Sfiducia a Bitetti, c'è il ricorso

La contromossa del presidente del consiglio comunale

Piero Bitetti

Piero Bitetti

Piero Bitetti è già passato al contrattacco. Il presidente del consiglio comunale ha presentato ricorso al Tar contro la modifica al regolamento che ha abbassato da 20 a 17 i voti necessari per sfiduciare il presidente del consiglio. È la risposta alla mozione di sfiducia nei suoi confronti presentata da 17 consiglieri di maggioranza (tutti tranne Bianca Boshniaku). La mozione dovrebbe essere discussa in aula giovedì 7 novembre, nella seduta consiliare fissata per le ore 15.

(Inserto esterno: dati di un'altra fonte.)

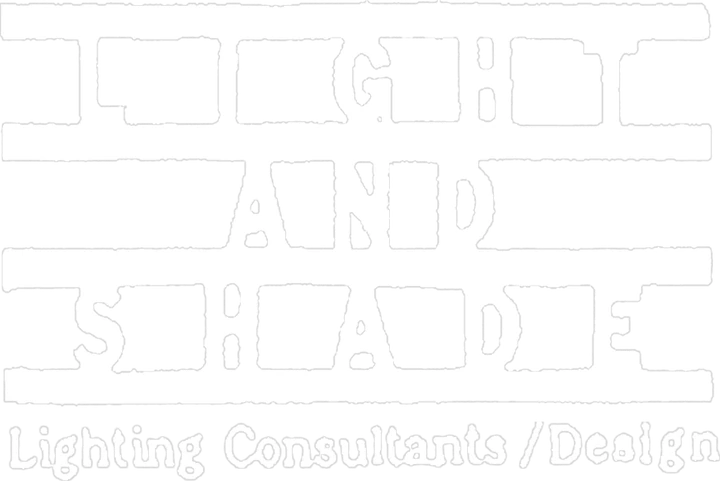 Light and Shade, Lighting Consultants / Design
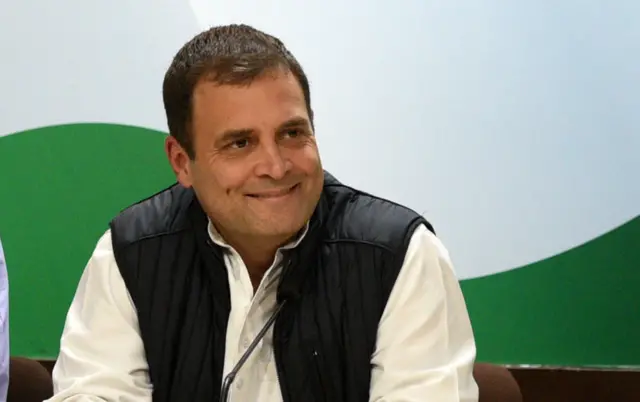 राहुल गांधी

Il condizionale è d'obbligo, perché il ricorso di Bitetti, per quanto prevedibile, mette in guardia da possibili conseguenze anche rispetto ad eventuali richieste di risarcimento danni. Resta infatti da vedere quale effetto avrà sui consiglieri la mossa legale del presidente del consiglio in carica.

L’atto della maggioranza appare in modo abbastanza inequivocabile come il suggello del patto politico stretto con Luigi Abbate, il consigliere che nel febbraio scorso salvò l’amministrazione comunale facendo mancare la propria firma dal notaio nell’iniziativa promossa dalle opposizioni per provocare la fine anticipata della consigliatura. In quella occasione Bitetti firmò per lo scioglimento del consiglio e oggi Melucci gli presenta il conto

Proprio Abbate è ora l’indiziato numero uno per subentrare a Bitetti, nel caso la mozione dovesse essere approvata. Non sfugge la trama tessuta in questi mesi con la riduzione del quorum per sfiduciare il presidente attraverso la modifica del regolamento. Un modifica passata innanzitutto dalla commissione affari generali, presieduta guarda caso da Abbate, e poi approvata in consiglio comunale. La vecchia norma prevedeva che la mozione di sfiducia verso il presidente dovesse essere approvata dai 3/5 dei consiglieri. In altre parole, sarebbero serviti 20 voti. Numeri che la maggioranza di Melucci non ha. Ecco allora l'escamotage: modificare il regolamento e ridurre a 17 i numeri per sfiduciare il presidente. Diciassette voti: giusto quelli di cui oggi dispone la maggioranza del sindaco per portare a compimento la ritorsione politica nei confronti di Bitetti.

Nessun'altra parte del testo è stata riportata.